Promising Cage-Like Energetic Compounds Based on Dioxaadamantane and Dioxaprotoadamantane Backbones: Facile Synthesis and Energetic Performance

Heteroadamantanes have a wide range of applications, so the efficient construction of their skeletons is an important issue. Herein, two all-bridged carbon-oxygenated cage-like scaffolds 2,6-dioxaadamantane-4,8,9,10-tetraol and 2,7-dioxaprotoadamantane-4,5,9,10-tetraol were constructed through a transannular O-heterocyclization strategy within only two synthetic steps, and six novel energetic materials containing four or five explosophoric groups were synthesized.

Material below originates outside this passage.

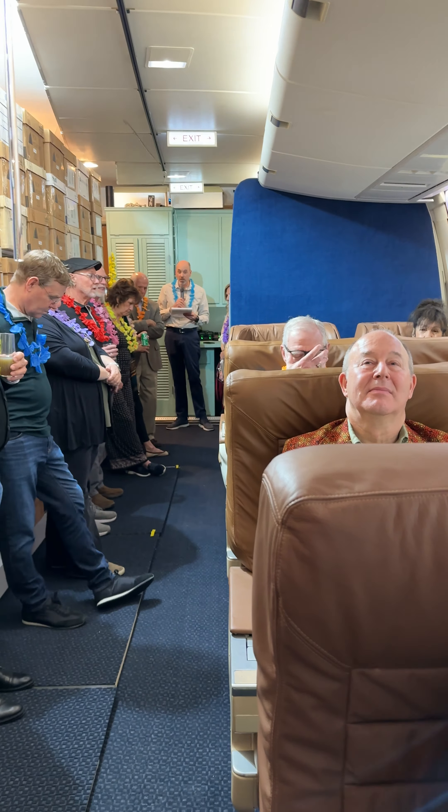Could you have the pilot turn the heat up in the cabin? My feet are cold. I'm so sorry about that. I'll see what I can do and get in touch with him. But in the meantime, would you like a soft wool blanket to keep your feet warm? Yes, I would. Thank you. Here you go, sir.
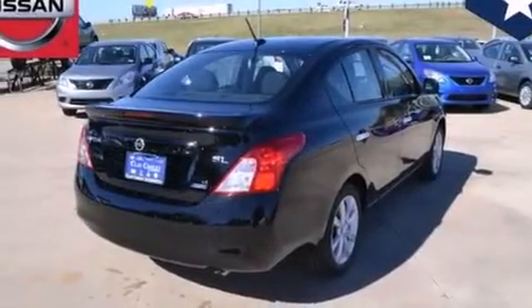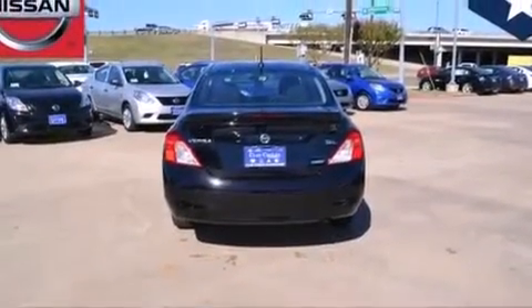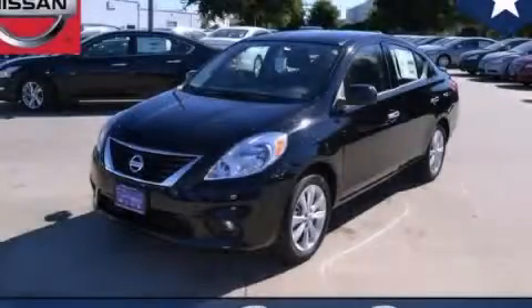With an EPA estimated rating of 40 miles per gallon on the highway, this vehicle helps leave money in your pocket where you want it. Stop by today and test drive this automobile for yourself.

The densities, oxygen balances (OB_CO), and energetic properties (including detonation velocities and pressures) of all the compounds range from 1.793 to 1.939 g·cm^–3, 8.33 to 13.56%, 8024 to 8701 m·s^–1, and 28.25 to 35.36 GPa, respectively. All the compounds exhibit low sensitivity to both impact (>30 J) and friction (>252 N). It is noteworthy that the symmetry of the scaffolds and the position of substituents affect the physicochemical and energetic properties of the as-prepared compounds obviously. Overall, this study provides a perspective for designing and synthesizing cage-like high energy density materials (HEDMs) and explores the structure-performance relationship.